• [TASK STATEMENT] Print the listing below in its entirety, character for character.

• [SOURCE DATA]
● ● ● ● ●

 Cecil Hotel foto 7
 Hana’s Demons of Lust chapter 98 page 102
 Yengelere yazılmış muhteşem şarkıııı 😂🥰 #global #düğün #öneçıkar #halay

● ● ● ● ●

• [PROBLEM SOLUTION]
 Cecil Hotel foto 7
 Hana’s Demons of Lust chapter 98 page 102
 Yengelere yazılmış muhteşem şarkıııı 😂🥰 #global #düğün #öneçıkar #halay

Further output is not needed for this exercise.